The other side of the picture
While Gustave Soury’s published pieces show vigorous, agile animals, and his sketchbooks portray them as calm and peaceful, a number of isolated drawings in the collection offer a glimpse into a less amusing aspect of menageries. A more difficult to interpret, small series of chained up Asian elephant cows gives off a sense of profound melancholy, due in part to the natural, lumbering silhouette of the pachyderms, but not just that. The artist did not merely attempt to portray the animal’s anatomy, like in his books of studies, but also their movements constrained by their chains and the shackles themselves.
Likewise, a quick sketch of a scrawny, possibly ill lion scribbled on a big of squared paper, stands in contrast with the proud “kings of the beasts” to which we have become accustomed in Gustave Soury’s sketchbooks and posters. With this drawing, we cannot tell if the artist is showing us raw realism or the form of caricature in which he sometimes distinguished himself.

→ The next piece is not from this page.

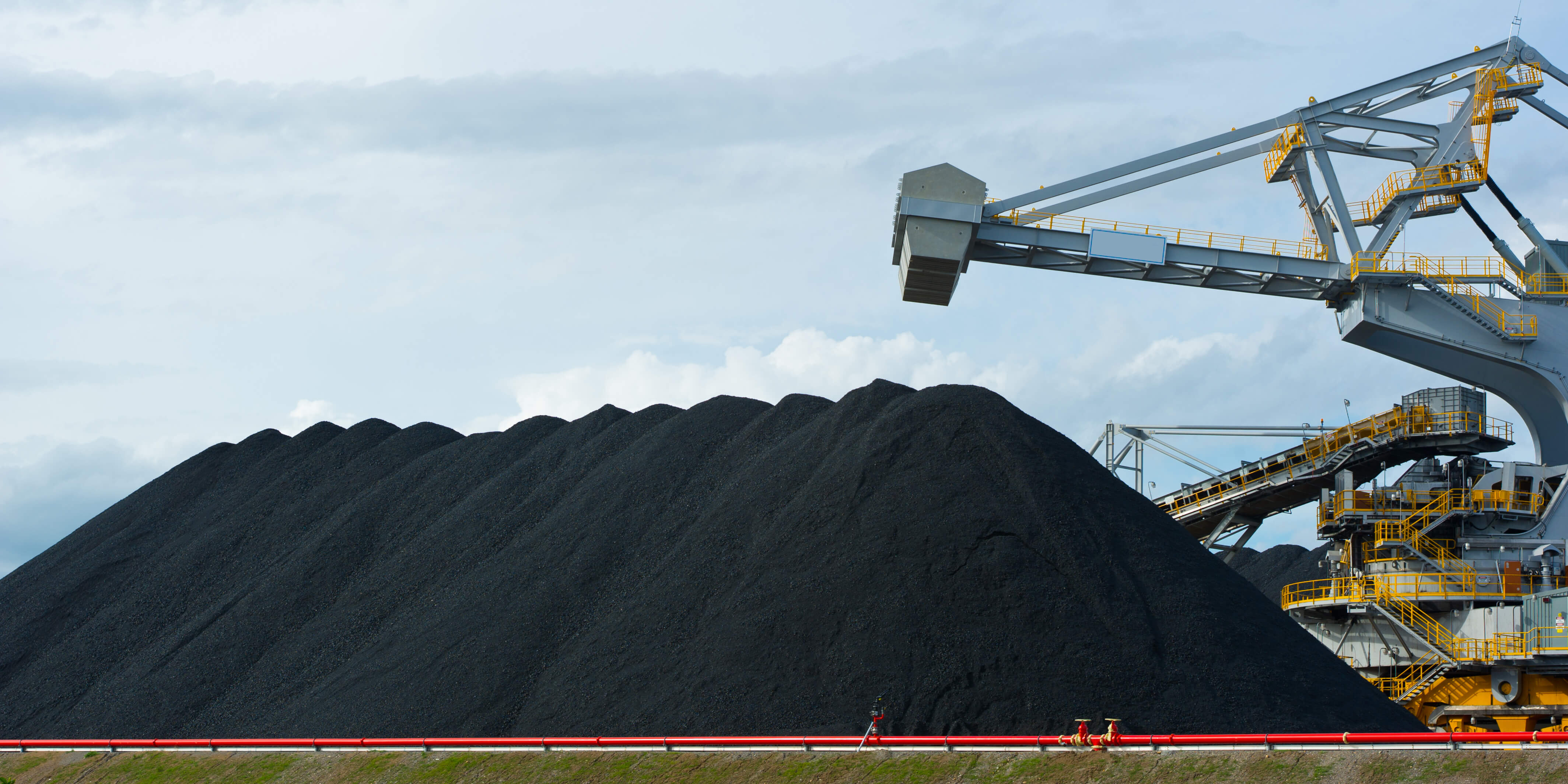 A large stack of coal with part of a reclaimer on the right hand side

Gustave Soury’s other menageries
Gustave Soury’s ability to take down the most representative anatomical details of animals was doubtless inseparable from his talent as a caricaturist. A number of his drawings in the Mucem’s collections display his virtuosity when it came to sketching characters who may or may not have existed, like a portly cleric or an old woman with a protruding chin, but also some of his contemporaries. The big cat specialist left behind, if not caricatures, at least forthright portraits of Mr. Steinhoff of the zoo at the Colonial Exposition of 1931 and Sarah Caryth, famous dancer and repeat performer at the menageries, and her python Mectoub. Lastly, we do not quite know how to explain an odd piece approaching social satire, a watercolour cartoon of a Paris policeman, recognizable for the coat of arms on his kepi, with the face of a bulldog. A savage beast, yet again.
But Gustave Soury is not only a painter of ferocious animals and menageries. While the latter were his most faithful clients, he also worked in many different advertising domains and in what we would call communication today, whether for restaurants, a Parisian ice cream maker or a brand of cigarettes.
Although animal painting and drawing sometimes suffers from a lack of academic recognition outside of a handful of big names from the 18th and 19th centuries (like Jean-Baptiste Oudry and Rosa Bonheur), Gustave Soury nonetheless seized hold of the discipline with great dexterity to make the move into a unique genre with its own codes and expectations, that of the circus and menageries. This world of show business, that plays on the fears and fantasies of its spectators, must have been perfectly suited to an artist like him, who was not short on mischief, nor on a capacity for wonder. This was true to such an extent that some of his art is still a mystery to us today, like this bizarre wild ride that is fantastical, seductive and terrifying, all at once.